Material for this task below:
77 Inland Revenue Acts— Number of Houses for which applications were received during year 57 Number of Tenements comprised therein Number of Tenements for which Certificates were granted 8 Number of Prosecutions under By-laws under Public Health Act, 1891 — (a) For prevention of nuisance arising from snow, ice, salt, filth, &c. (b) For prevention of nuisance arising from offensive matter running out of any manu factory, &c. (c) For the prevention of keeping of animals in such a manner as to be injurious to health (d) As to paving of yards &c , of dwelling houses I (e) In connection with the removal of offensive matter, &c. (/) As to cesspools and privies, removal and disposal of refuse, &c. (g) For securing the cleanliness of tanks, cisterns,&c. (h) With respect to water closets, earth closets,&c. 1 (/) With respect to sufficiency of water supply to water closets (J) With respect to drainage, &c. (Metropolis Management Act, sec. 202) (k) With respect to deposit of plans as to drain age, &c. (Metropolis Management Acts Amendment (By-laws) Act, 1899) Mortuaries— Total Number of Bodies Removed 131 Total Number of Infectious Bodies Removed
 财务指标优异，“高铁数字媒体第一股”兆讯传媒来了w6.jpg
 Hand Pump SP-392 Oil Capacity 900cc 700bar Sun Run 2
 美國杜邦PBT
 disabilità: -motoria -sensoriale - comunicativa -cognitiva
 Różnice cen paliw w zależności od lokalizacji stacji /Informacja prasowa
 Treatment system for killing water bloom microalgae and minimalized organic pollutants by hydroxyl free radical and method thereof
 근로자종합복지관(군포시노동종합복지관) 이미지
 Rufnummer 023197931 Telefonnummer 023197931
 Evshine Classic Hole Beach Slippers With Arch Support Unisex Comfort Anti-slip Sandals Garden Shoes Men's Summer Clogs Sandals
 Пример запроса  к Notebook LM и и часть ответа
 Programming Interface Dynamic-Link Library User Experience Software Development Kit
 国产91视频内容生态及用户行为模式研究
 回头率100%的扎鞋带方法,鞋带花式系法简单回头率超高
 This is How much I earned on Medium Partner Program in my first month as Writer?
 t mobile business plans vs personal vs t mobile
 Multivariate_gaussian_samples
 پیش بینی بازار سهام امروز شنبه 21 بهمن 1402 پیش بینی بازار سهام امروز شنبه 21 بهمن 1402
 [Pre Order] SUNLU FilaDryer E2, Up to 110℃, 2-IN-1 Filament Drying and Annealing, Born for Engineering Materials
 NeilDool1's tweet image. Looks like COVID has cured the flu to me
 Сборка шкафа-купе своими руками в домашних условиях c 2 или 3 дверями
End of Material for this task.
Every record above must be set down again, word for word.

77 Inland Revenue Acts— Number of Houses for which applications were received during year 57 Number of Tenements comprised therein Number of Tenements for which Certificates were granted 8 Number of Prosecutions under By-laws under Public Health Act, 1891 — (a) For prevention of nuisance arising from snow, ice, salt, filth, &c. (b) For prevention of nuisance arising from offensive matter running out of any manu factory, &c. (c) For the prevention of keeping of animals in such a manner as to be injurious to health (d) As to paving of yards &c , of dwelling houses I (e) In connection with the removal of offensive matter, &c. (/) As to cesspools and privies, removal and disposal of refuse, &c. (g) For securing the cleanliness of tanks, cisterns,&c. (h) With respect to water closets, earth closets,&c. 1 (/) With respect to sufficiency of water supply to water closets (J) With respect to drainage, &c. (Metropolis Management Act, sec. 202) (k) With respect to deposit of plans as to drain age, &c. (Metropolis Management Acts Amendment (By-laws) Act, 1899) Mortuaries— Total Number of Bodies Removed 131 Total Number of Infectious Bodies Removed
 财务指标优异，“高铁数字媒体第一股”兆讯传媒来了w6.jpg
 Hand Pump SP-392 Oil Capacity 900cc 700bar Sun Run 2
 美國杜邦PBT
 disabilità: -motoria -sensoriale - comunicativa -cognitiva
 Różnice cen paliw w zależności od lokalizacji stacji /Informacja prasowa
 Treatment system for killing water bloom microalgae and minimalized organic pollutants by hydroxyl free radical and method thereof
 근로자종합복지관(군포시노동종합복지관) 이미지
 Rufnummer 023197931 Telefonnummer 023197931
 Evshine Classic Hole Beach Slippers With Arch Support Unisex Comfort Anti-slip Sandals Garden Shoes Men's Summer Clogs Sandals
 Пример запроса  к Notebook LM и и часть ответа
 Programming Interface Dynamic-Link Library User Experience Software Development Kit
 国产91视频内容生态及用户行为模式研究
 回头率100%的扎鞋带方法,鞋带花式系法简单回头率超高
 This is How much I earned on Medium Partner Program in my first month as Writer?
 t mobile business plans vs personal vs t mobile
 Multivariate_gaussian_samples
 پیش بینی بازار سهام امروز شنبه 21 بهمن 1402 پیش بینی بازار سهام امروز شنبه 21 بهمن 1402
 [Pre Order] SUNLU FilaDryer E2, Up to 110℃, 2-IN-1 Filament Drying and Annealing, Born for Engineering Materials
 NeilDool1's tweet image. Looks like COVID has cured the flu to me
 Сборка шкафа-купе своими руками в домашних условиях c 2 или 3 дверями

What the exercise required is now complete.